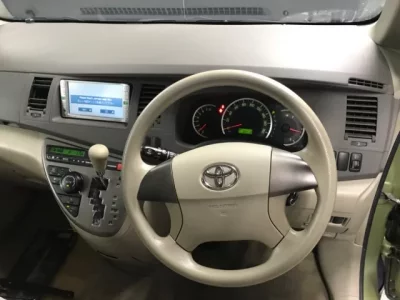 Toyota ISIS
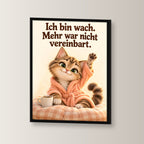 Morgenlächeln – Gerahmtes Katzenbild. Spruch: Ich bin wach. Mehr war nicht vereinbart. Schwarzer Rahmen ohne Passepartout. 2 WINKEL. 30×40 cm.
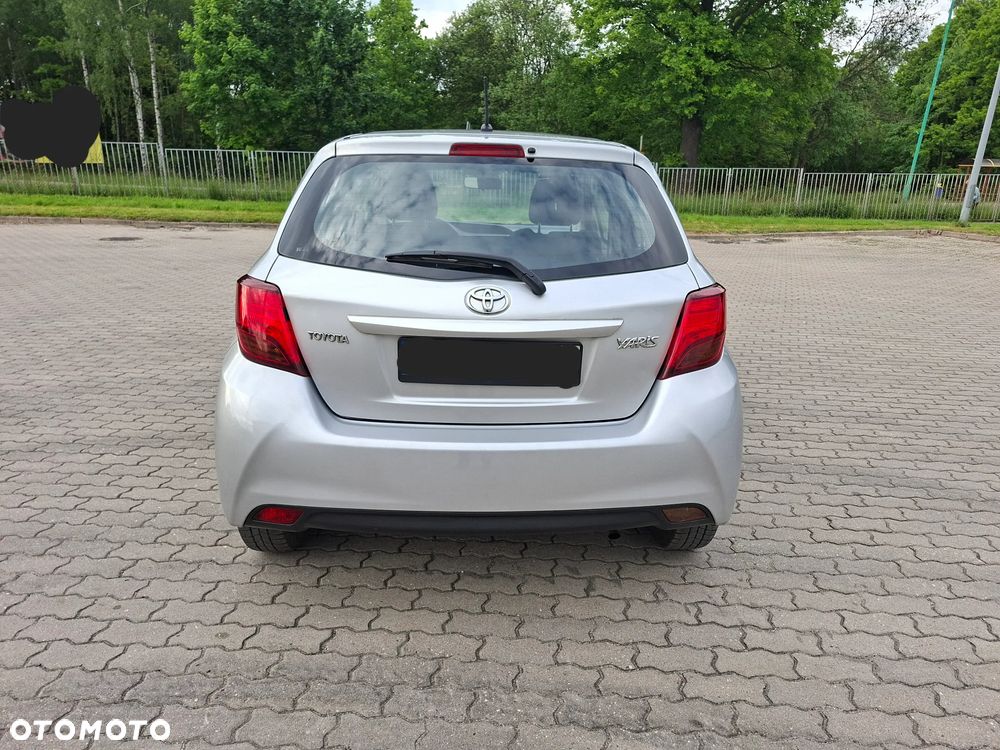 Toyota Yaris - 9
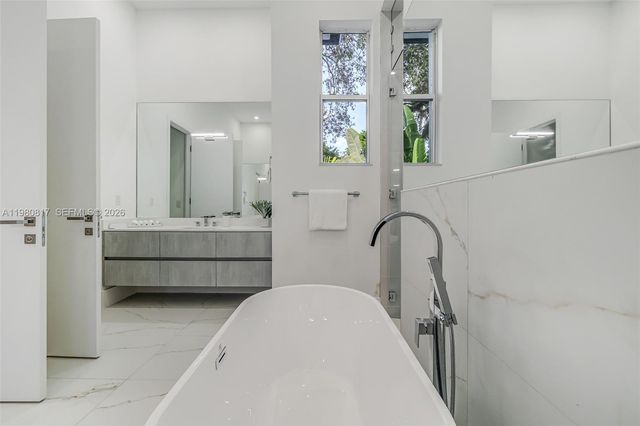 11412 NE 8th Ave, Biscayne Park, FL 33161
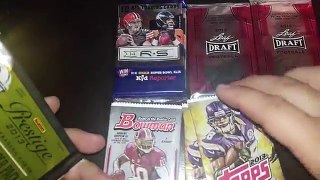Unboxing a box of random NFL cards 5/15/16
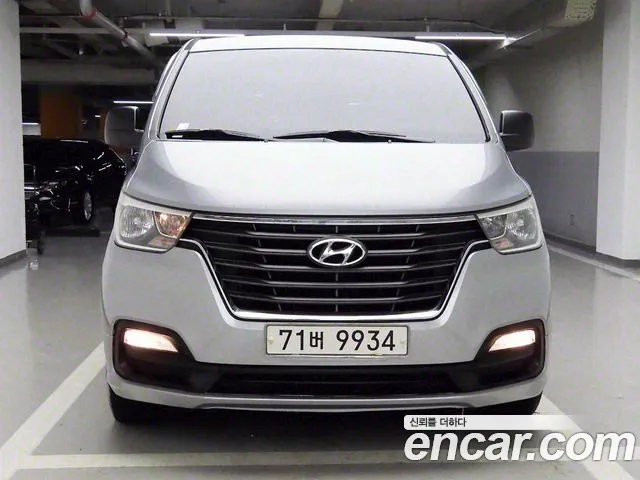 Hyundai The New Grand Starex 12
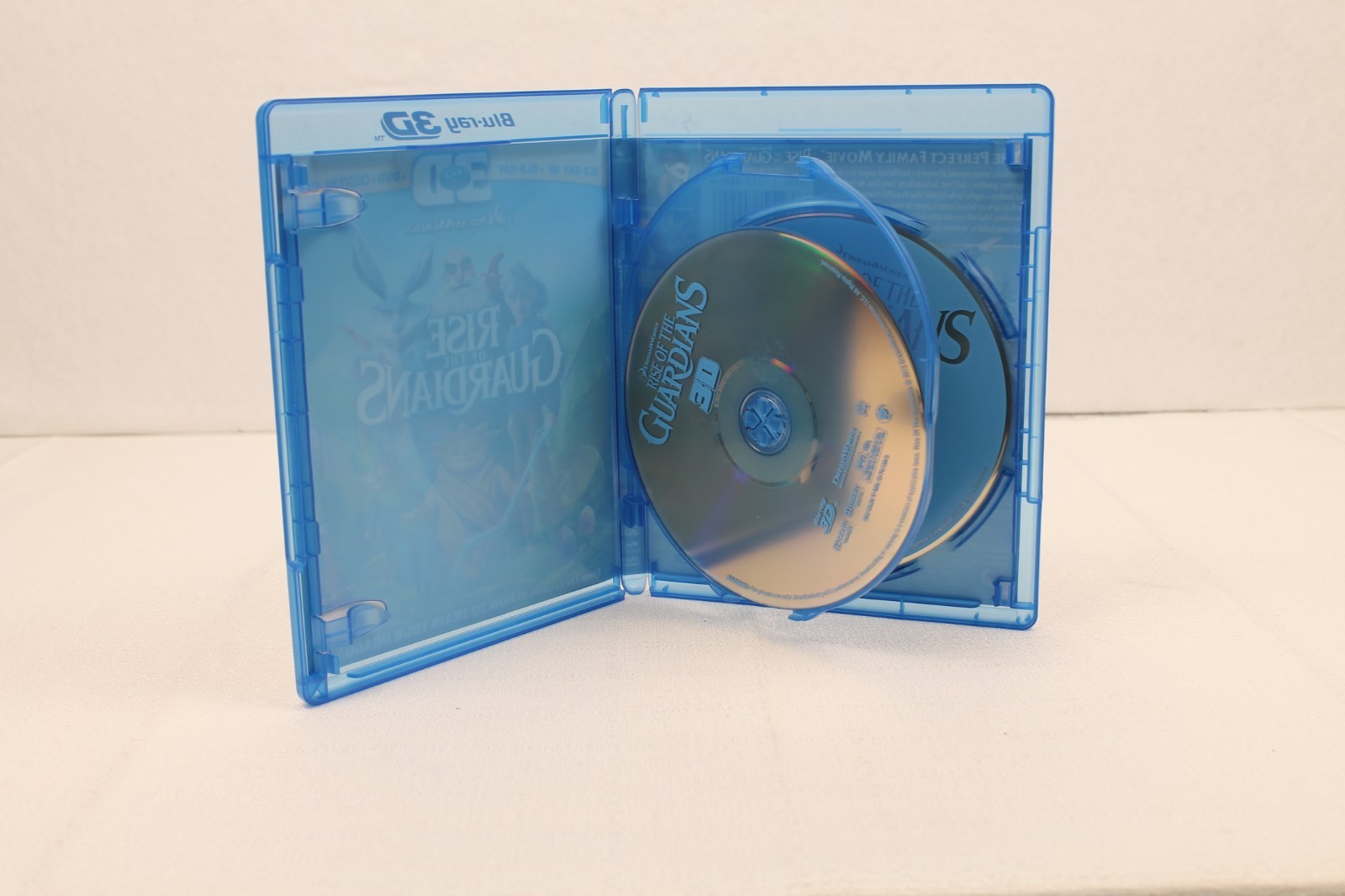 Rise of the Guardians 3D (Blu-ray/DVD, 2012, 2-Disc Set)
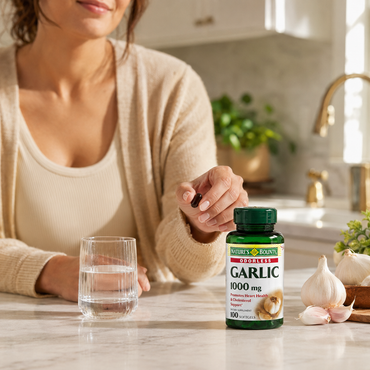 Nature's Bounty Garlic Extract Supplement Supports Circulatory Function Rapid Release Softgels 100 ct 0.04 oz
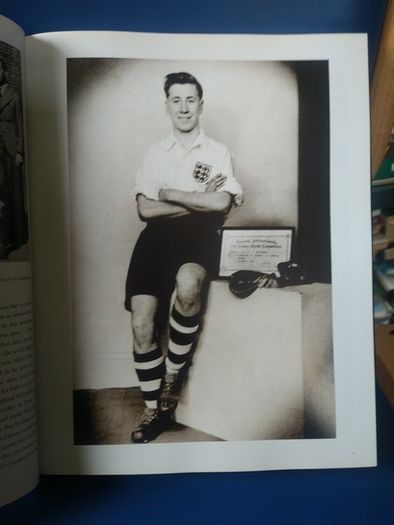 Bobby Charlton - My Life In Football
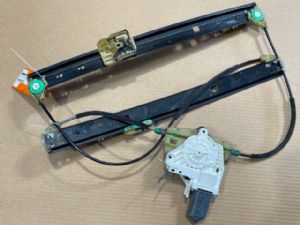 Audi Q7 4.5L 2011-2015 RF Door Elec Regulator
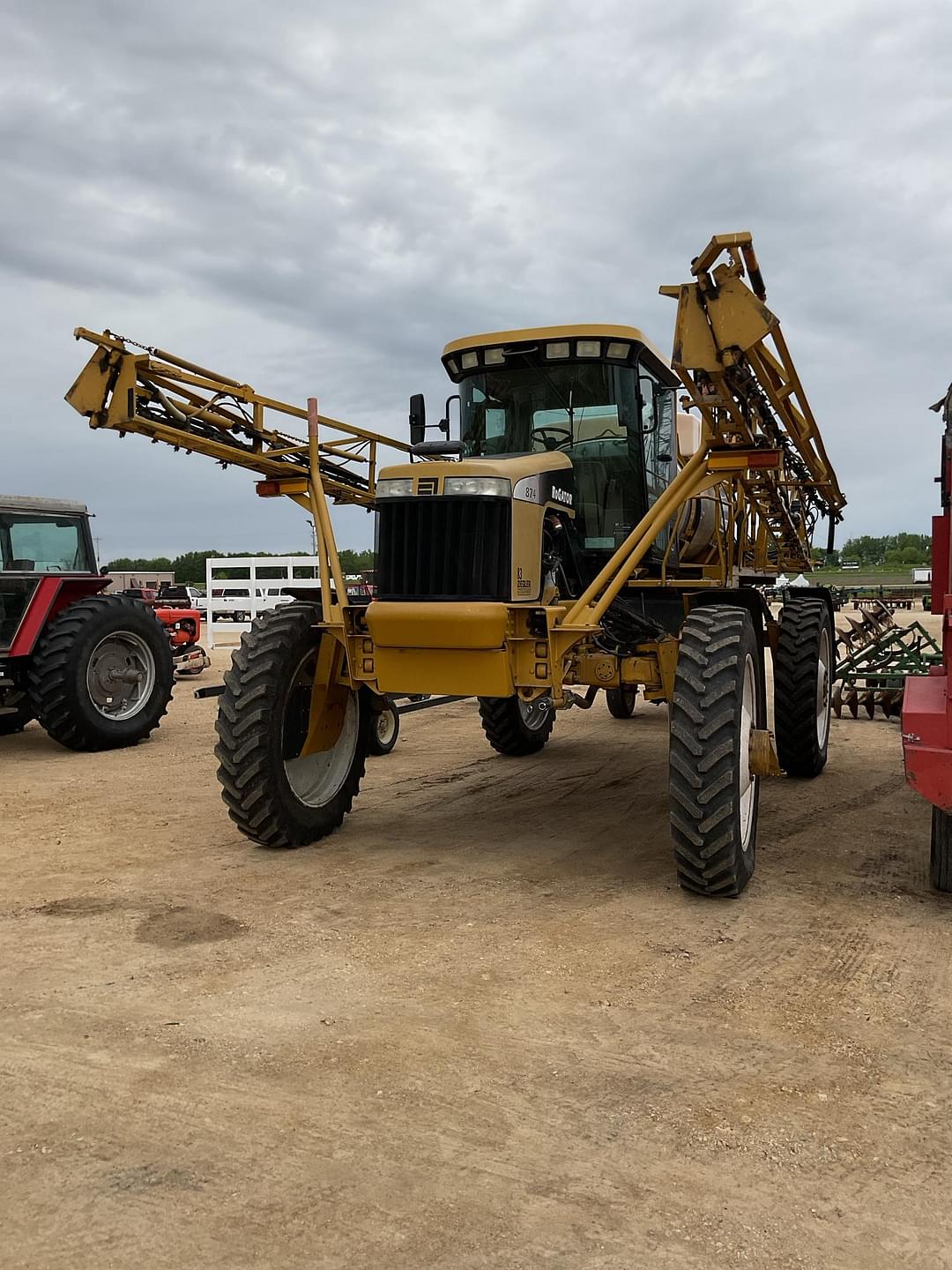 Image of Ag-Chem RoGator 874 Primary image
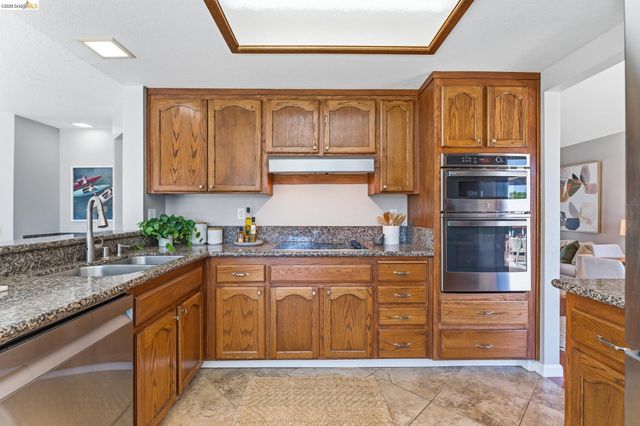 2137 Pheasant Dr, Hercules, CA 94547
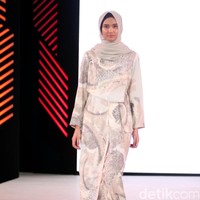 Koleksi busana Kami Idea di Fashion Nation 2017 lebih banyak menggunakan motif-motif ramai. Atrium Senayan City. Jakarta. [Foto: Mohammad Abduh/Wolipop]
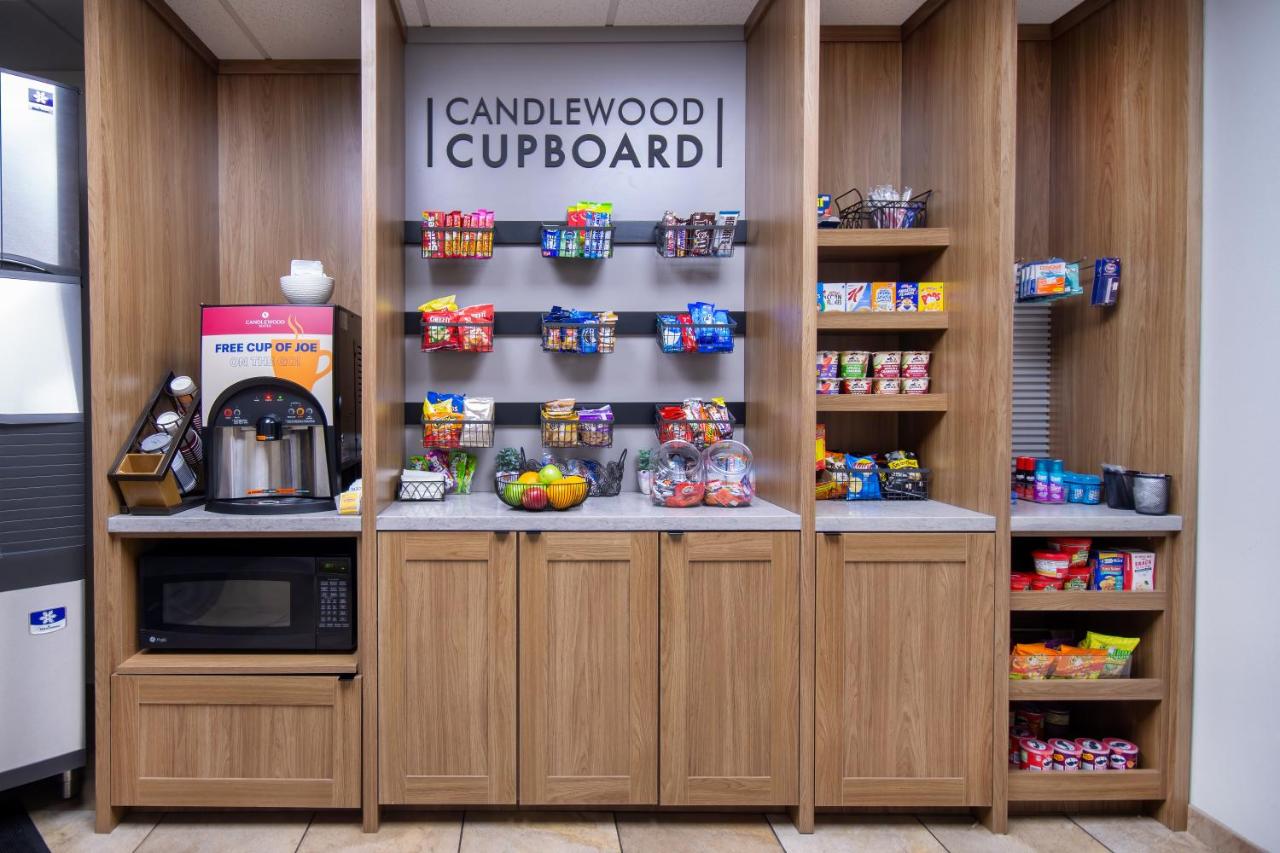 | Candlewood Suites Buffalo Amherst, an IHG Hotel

What you need to do
Print all the lines above exactly as they are, but without the pictures.

Reply
 Toyota ISIS
 Morgenlächeln – Gerahmtes Katzenbild. Spruch: Ich bin wach. Mehr war nicht vereinbart. Schwarzer Rahmen ohne Passepartout. 2 WINKEL. 30×40 cm.
 Toyota Yaris - 9
 11412 NE 8th Ave, Biscayne Park, FL 33161
Unboxing a box of random NFL cards 5/15/16
 Hyundai The New Grand Starex 12
 Rise of the Guardians 3D (Blu-ray/DVD, 2012, 2-Disc Set)
 Nature's Bounty Garlic Extract Supplement Supports Circulatory Function Rapid Release Softgels 100 ct 0.04 oz
 Bobby Charlton - My Life In Football
 Audi Q7 4.5L 2011-2015 RF Door Elec Regulator
 Image of Ag-Chem RoGator 874 Primary image
 2137 Pheasant Dr, Hercules, CA 94547
 Koleksi busana Kami Idea di Fashion Nation 2017 lebih banyak menggunakan motif-motif ramai. Atrium Senayan City. Jakarta. [Foto: Mohammad Abduh/Wolipop]
 | Candlewood Suites Buffalo Amherst, an IHG Hotel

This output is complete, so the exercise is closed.